Overview

Castle Quest is our interactive game to get kids excited to do math. Kids learn math immersed in a physically interactive video game. Visual and auditory feedback create a fun learning experience. Kids answer basic math problems to blast cannon balls at their competition.
Sections: Introduction, Gameplay Development and Insights, Physical Development


Two players each own a castle and solve math problems by adding numbers to reach a target.

The red player has correctly added up to the target numbre and its cannon has fired. The first to destroy the other player's castle wins.





Development

Introduction

3DE arose from a serendipidous meeting during a Computer Science 247 cource. We were all interested in creating an physical math game with younger kids. Our name is based upon the storytelling creativity and diversity.
In forming our group, we all began brainstorming interesting ideas and gameplay. Throughout the next two weeks, we began to ideate on different game play, metaphors, and how this all fit together.
Castle Quest actually began around discussions around an two player math game that is "solvable" by dynamic programming. We imagined scaling this game up to many players. This new dynamic would increase number variety and decrease solvability. We developed this idea along different ways to make gameplay more interactive and engaging.

Design Process

The CS247 human computer interaction course centers around rapid prototyping to gain insight into user needs. Each step of our game design process and creation embedded these ideas.
We centered around the idea of designing a physical game for younger kids. We picked the East Palo Library's Quest program to be our awesome observees / guinea pigs. The Quest Learning program is a daily after school program encouraging kids to read, do homework, build academic skills, and do activities. Students in the 3rd to 5th grade were very enthusiastic in sharing stories and being awesome. We found them an absolute pleasure to work / play with starting with our first observation of a game tournament and student run store. In this section, we briefly overview the prototypes we ran through. Discussion on each of these learnings will occur in later sections.
With our second observation, we prototyped the game with playing cards to simulate our future game input device. The game dynamic that really encouraged us was a sense of cooperation to not break the ice. One initial concern was 3de was the difficultly level and engagement with math for these 3rd to 5th graders. Instead, we found these kids who had not even learned algebra yet were really engaged in doing math. This is our first prototype, embodied through a card game.
Our iteration the next week was to prototype our game in javascript. We found this to be very insightful with regards to gameplay mechanics. Our earlier ideations on game mechanisms were on par with expectations, and we gained insight into how speed, feedback, and animation were very crucial. This is our second prototype, embodied through a javascript game.
The next week, we created the game in Processing with RFID tags. We iterated with a couple of designs in terms of both which tags to use This example gave us insight into the importance of user feedback and engagement. We realized the target score / number was easily modify-able to speed up or slow down gameplay. This is our third prototype, our first visually phsyically end to end system.
Following on this, we refined the prototype with physical holder from our findings in the raw physical prototype. We added our initial thoughts on visual and audio feedback. This is our fourth prototype, the raw physical prototypes.
Our next prototype has integrated all of our learnings on visual and audio feedback and placed it all into nice holders and better game play, our fifth prototype.
After our information presentation, we made a new polished physical holder and integrated better visual feedback both in terms of graphic polish and an enhanced visualization for addition. This is the one played during our presentation.

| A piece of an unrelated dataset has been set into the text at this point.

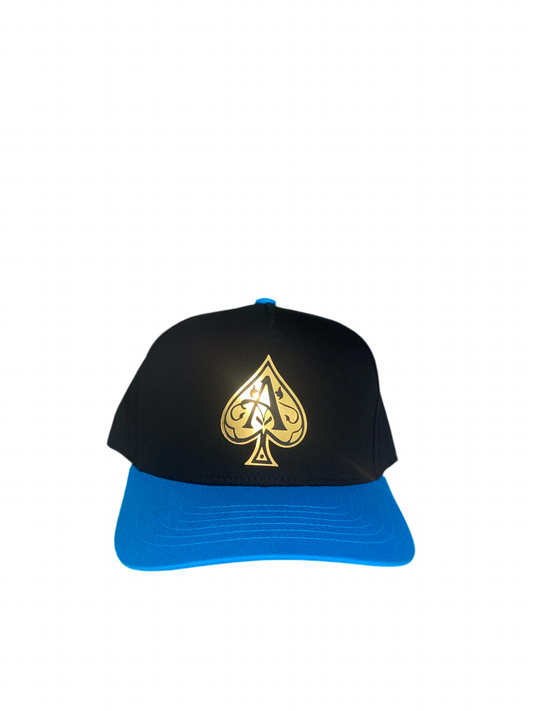 Ace Black & Blue Snap Back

Gameplay Development and Insights

At the beginning, our game started off as a math riddle. The problem is posed as "We are solving a two player counting game. The first person to count to 50 wins. You count up numbers one at a time by saying a number between 1 - 9."

Prototype 1:

To see how this game play translated into an actual two player game, our team prototyped the game feasibility using playing cards. We used cards from A - 5 to test how well we individually added numbers to reach 50. Players took turns placing down a single card while the scorekeeper kept track of the played cards' accumulated sum on a centralized white board. The goal was simply to reach, through the gameplay, the target number without going over. In our game between two people and a mediator, we found certain gameplay elements worked extremely well while others did not. We iterated on having whether or not to have auditory / visual feedback. By auditory feedback, the mediator read out what the total sum was. With visual feedback, the mediator wrote the current sum on a whiteboard. With absolutely no visual or auditory feedback, the math to sum up numbers was actually pretty difficult. We found a combination of the two feedbacks was the best. Although we found a limitation in the medium we used, for a play to see the number, they had to look up from the math problem they were currently doing.
The gameplay was dictated by a hand of 5 cards to play. We hypothesized once we had a digital game, we could play with the idea of modifying the goal number and game speed. We would experiment with gameplay to either have smaller miniture goals to create a point system separate from the counting problem. Also, we would experiment with the number of cards playable at one time and this goal number.
To better explain the game, we used the metaphor of "Icebreakers." The target number was liked to a layer of ice and each card played was like an ice block placed on top of it. We told children that if at the end, they reached a value greater than the target number, then they would "break" the ice. To our delight, kids easily grasped this metaphor and encouraged us to continue advancing towards building an interactive math game.

Prototype 2:

For the next week, we created the card game in javascript. The gameplay was sped up a lot by the fast acting computer clicking motion. We no longer had to worry about picking up the cards. This was a positive and negative, we could experiment with gameplay very quickly but the physicla representation made the game more engaging on some level. Once we had the javascript game, we found a visual feedback on number we were playing was extremely useful. Also, we did not have auditory feedback in this version. We inserted visual color cues on whether a user succeeded or failed in reaching small goals. We had a display of the current target, but no cues on what card was just played.

Prototype 3:

For this prototype we learned a number of insights on physical interaction which are discussed in a later section. The largest gameplay elements we iterated on was the presence of graphics and how to best frame the different stages of victory.
The fast prototypes let us full ideate on how much detail we needed to place into the metaphor. We decided to use the Castle metaphor because we simply could not decide by the end of a long brain storming session. Also, this initial processing animation and feedback was not particularly enhanced. The animation for the cannonball and the castle crumbling was accomplished by simple image changes.
We found though on each round or swipe of the different playing tags, kids would look for an indication of progress or activity. This helped us realize the importance of visual and audio feedback for our future prototypes.

Prototype 4:

This prototype involved us re-programming the entire project in Action Script. This decision came to create more fluid graphics and flexible feedback with regards to visual highlights and emphasis.
For this prototype we learned the game we created was basically functioning. We re-imagined our initial impetus of team play. Throughout the gameplay we found kids did not operate as teams, instead when we placed kids in teams to play our game, the kids always had one dominant driver and one passanger. This presented a tradeoff between creating rules or letting natural social hierarchy dictate play. We decided to eliminate our conceived notion of creating a classroom sized game.
We also found through audio feedback was so important in helping kids register the fact they entered a card. We found though kids would still look at the screen after they heard the click to double check the current target and the current number. This led to a hypothesis we could create a better visualization to represent the most recently entered card in relation to the current and target.

Prototype 5:

This prototype was made to enhance polish and give us another iteration to show the East Palo Alto a first take and to showcase the CS247 a refined version.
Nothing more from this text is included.